6 Habits of Six Sigma LEADERS

1. Delivering customer VALUE.

Six Sigma leaders have a passion for delivering real value to their customers, and consider their own organizations to be as much a customer of their services as the organization's customers.

EXHIBIT PASSION: How committed are you that your work contributes clear benefit to your organisation and its customers? If this is a deeply rooted motivation of yours, you may have the conviction it takes to be a Six Sigma leader.

LISTEN ACTIVELY: Are you skilled at questioning stake holders and using other methods of discovering their real needs and preferences? If you are able to see and hear what other folks are miss, you already have a trait that is critical to effective Six Sigma Leadership!

COMMUNICATE PARTNERSHIP : How open are you to finding solutions and collaborating with people whose views differ from your own? To deliver customer value you will earn their trust as needed.

2. Focusing on EXECUTION.

Applying the Six Sigma management system requires that leaders develop a laser-sharp focus on actions that are vital to the specific, strategic results their organization needs.

RESULTS DRIVEN? : A Six Sigma leader needs to keep the end goals foremost until they have been achieved. This will require purposeful, habitual attention to results that are defined in exact terms, due dates, milestones and checkpoints.

RESOURCE-CONSCIOUS? : As a leader, you'll need a master plan for managing people, departments, cross functional teams and other resources in a fashion that respects the rules and help you stay several moves ahead of the game.

PROCESS-ORIENTED? : Six Sigma is about process and it takes process to execute effectively on any Six Sigma initiative. Six Sigma leaders follow a blueprint for centralising information and making it readily available, including next steps, indicators of current status, and a data audit trail.

3. Making sound, DATA-DRIVEN Decisions

Six Sigma leaders are successful to the degree that they are able to make effective, appropriate, informed decisions that are in the best interests of their organizations, customers, and colleagues.


CRITICAL THINKING Six Sigma leaders ask for facts and they ask a lot of questions about the facts, seeking data not just for data's sake, but for the purpose of considering anticipated actions, prime benefits, what-could-go-wrong, scenarios, options and alternatives, and fall-back remedies.

DECISIVENESS In today's competitive environment, time is always of the essence.

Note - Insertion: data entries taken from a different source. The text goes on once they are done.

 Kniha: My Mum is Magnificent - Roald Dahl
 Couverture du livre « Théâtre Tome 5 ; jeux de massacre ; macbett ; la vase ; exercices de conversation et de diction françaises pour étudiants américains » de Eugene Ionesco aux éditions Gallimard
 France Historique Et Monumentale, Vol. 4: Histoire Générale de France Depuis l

Six Sigma leaders know when due diligence requires more analysis, and when sufficient analysis has been conducted to warrant decisive action and follow-through.

ACCOUNTABILITY that leadership requires taking full personal ownership of their decisions and the outcomes their team produce. A no-excuses, no-blame mentality saves time and helps to keep Six Sigma teams on task.

4. Managing PERFORMANCE

Six Sigma is about improving performance, so Six Sigma leaders must be skilled at managing and measuring performance on a daily and weekly basis. This small but critical set of performance habits helps.

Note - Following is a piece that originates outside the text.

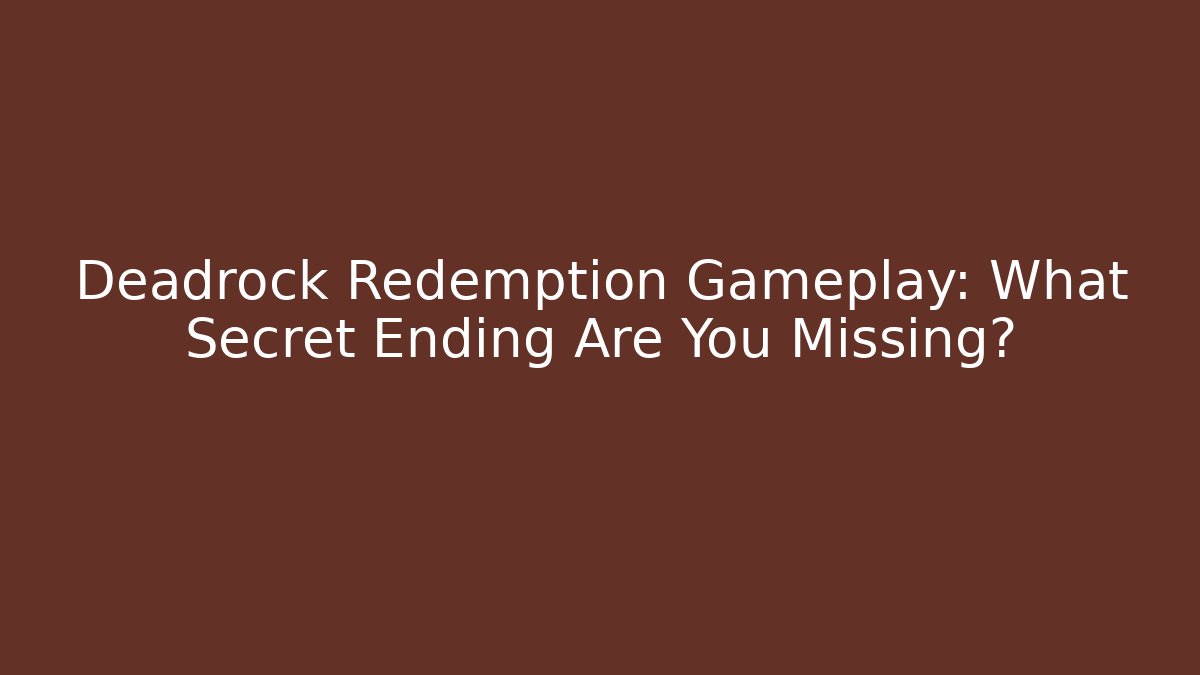 Deadrock Redemption Gameplay: What Secret Ending Are You Missing?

SET GOALS! Six Sigma teams need to know the goals they are expected to achieve and the metrics against which they can measure the effectiveness of their activities in pursuit of those goals. It's the Six Sigma leader's job to establich this discipline of strong metrics.

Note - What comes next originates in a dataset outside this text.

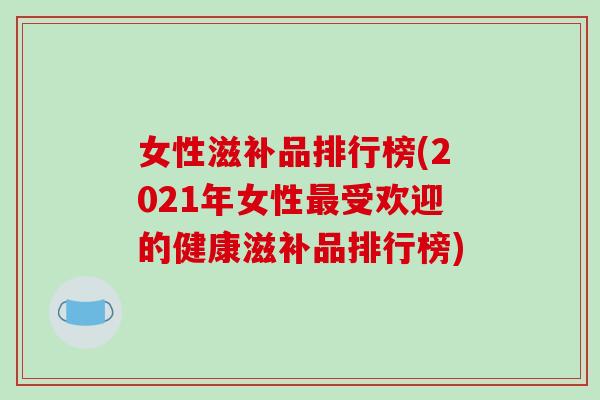 女性滋补品排行榜(2021年女性最受欢迎的健康滋补品排行榜)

TRACK PROGRESS! Six Sigma teams need a system for staying current with projects, maintaining momentum, and getting early warnings of potential problems or roadblocks. It's the Six Sigma leader's job to establish a system of guages for tracking progress and to make sure it is effectively utilized.

MANAGE DETAILS! Measuring anything requires careful attention to detail. Six Sigma leaders need superior organizational skills to quantify and collect data, to keep their teams focused on tasts that matter, and to monitor progress toward their plan on a real-time basis.

5. Advocating BREAKTHROUGH Improvements

Where others might seek to make small improvements here and there, Six Sigma leaders play big, reaching out to achieve goals that require breakthrough performance and improvement.

ASSERTIVENESS : How assertive are you? The most brilliant idea left unspoken is useless, so Six Sigma leaders must be equipped to champion a cause and drive an idea from concept to implementation.

INFLUENCE : How skilled are you at influencing people and teams? Six Sigma leaders cannot rely on mandates alone to prompt action or to give their projects and improvements " staying power." They need to be gifted at inspiring and persuading others as needed to build lasting consensus and commitment.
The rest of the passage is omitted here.